• **COLLECTED DATA**:
┄┄┄┄┄┄┄┄┄┄┄┄┄┄┄┄┄┄┄┄

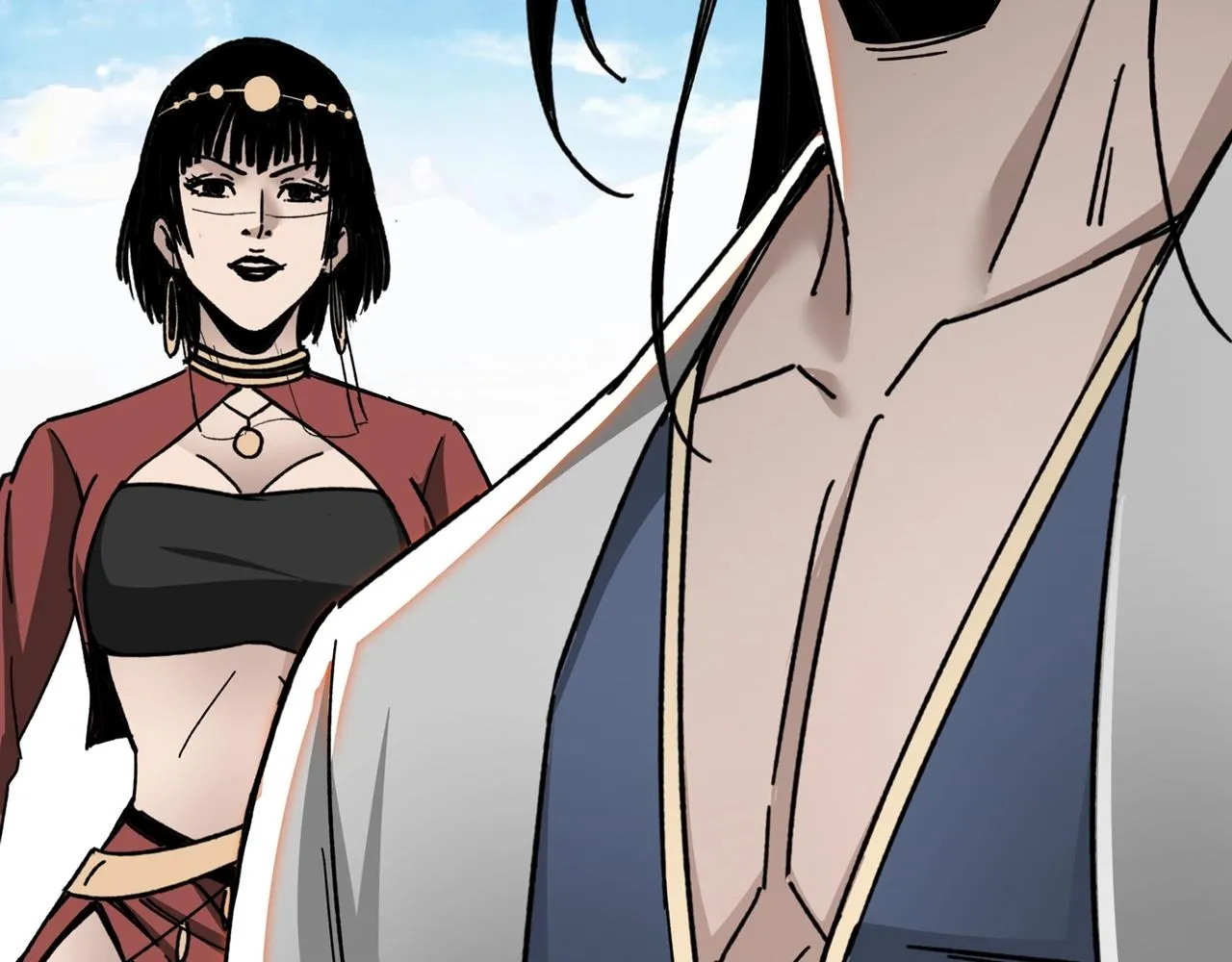 第76话 一剑出，万法灭！ 第40页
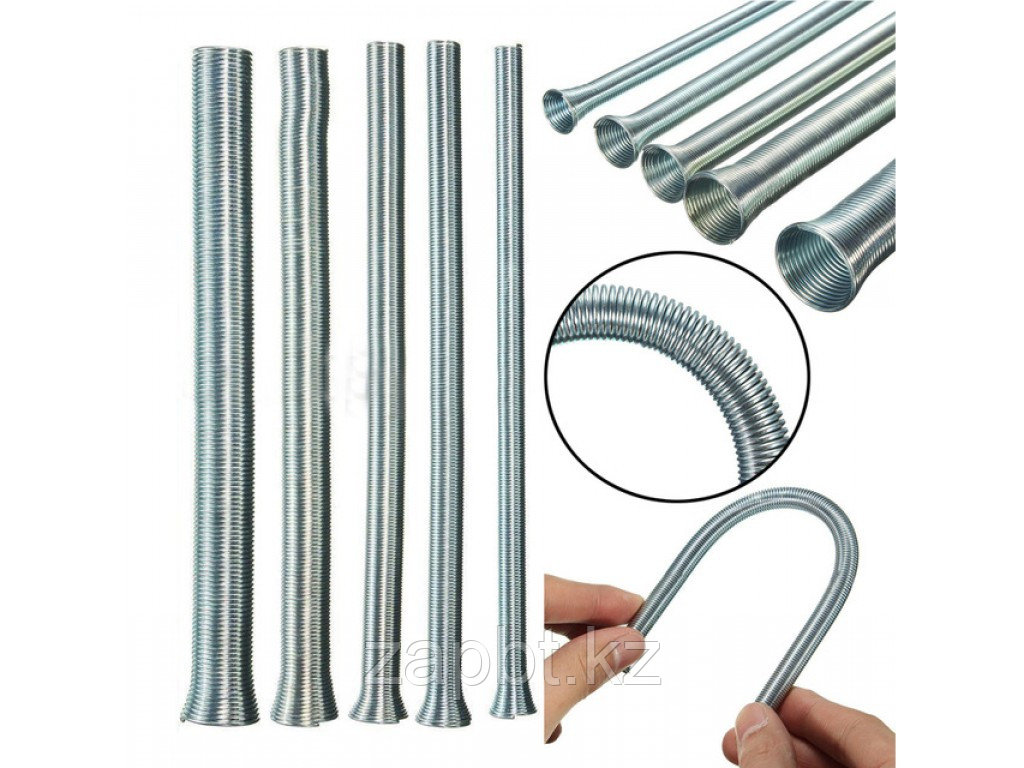 Пружины для гибки медных труб CT-102L (1/4, 5/16, 3/8, 1/2, 5/8), фото 1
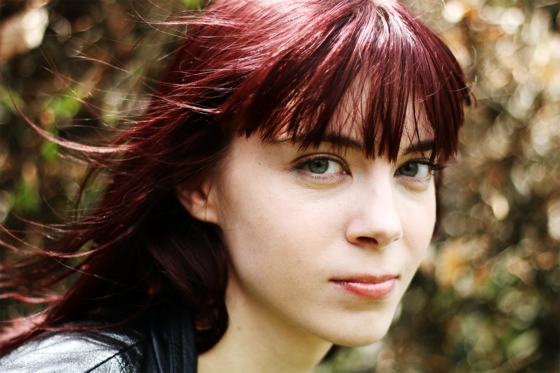 Author, poet, and blogger Kristina Adams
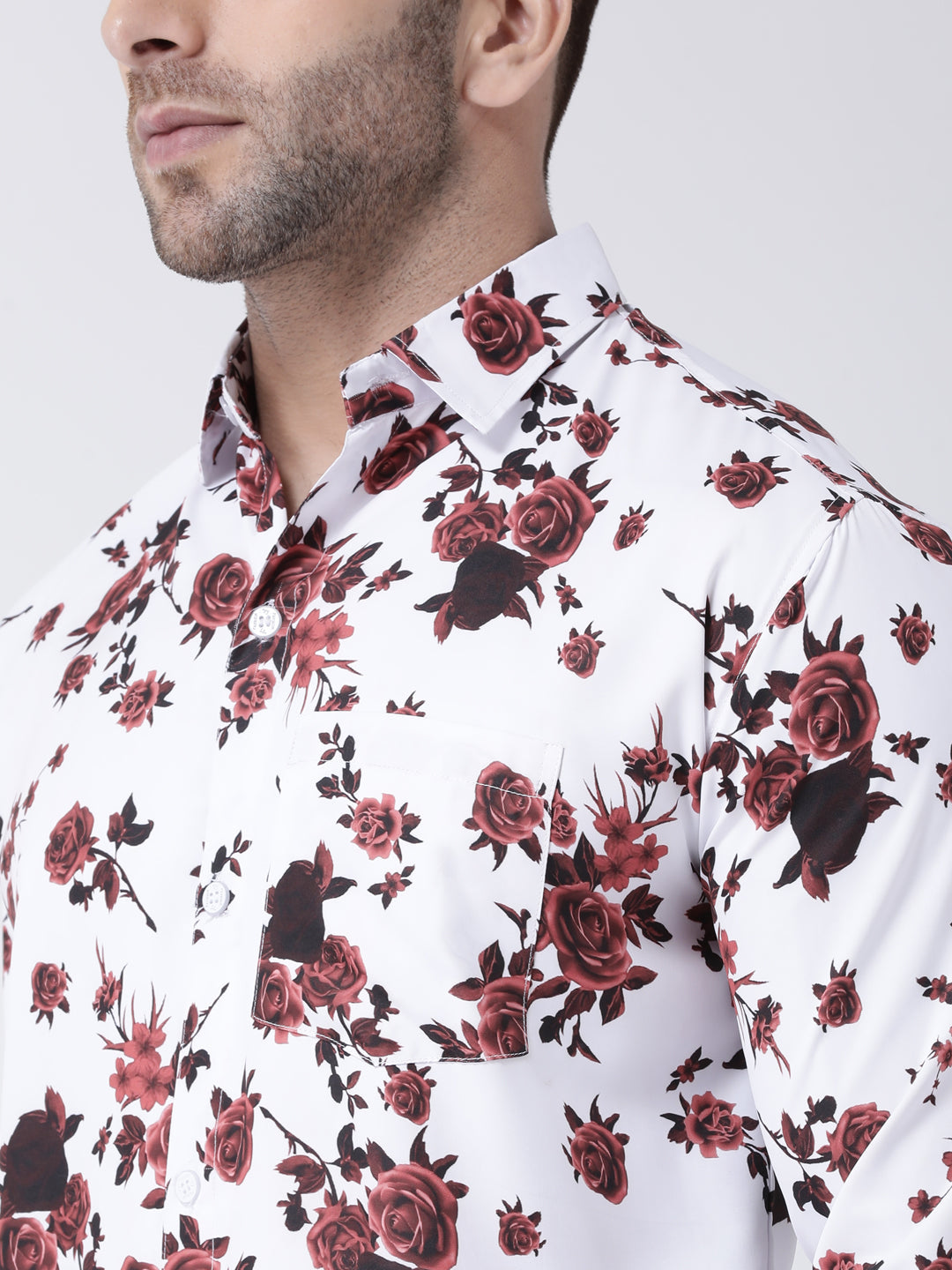 RIAG Multi color Men's Full Sleeves Printed Shirt | Grocsy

┄┄┄┄┄┄┄┄┄┄┄┄┄┄┄┄┄┄┄┄

• **GOAL OF THE EXERCISE**: Each line from the one containing "Author, poet, and blogger Kristina Adams" through the final line of the data must be reproduced exactly, both ends included, with no pictures in the copy.

• **RESPONSE TO THE EXERCISE**:
 Author, poet, and blogger Kristina Adams
 RIAG Multi color Men's Full Sleeves Printed Shirt | Grocsy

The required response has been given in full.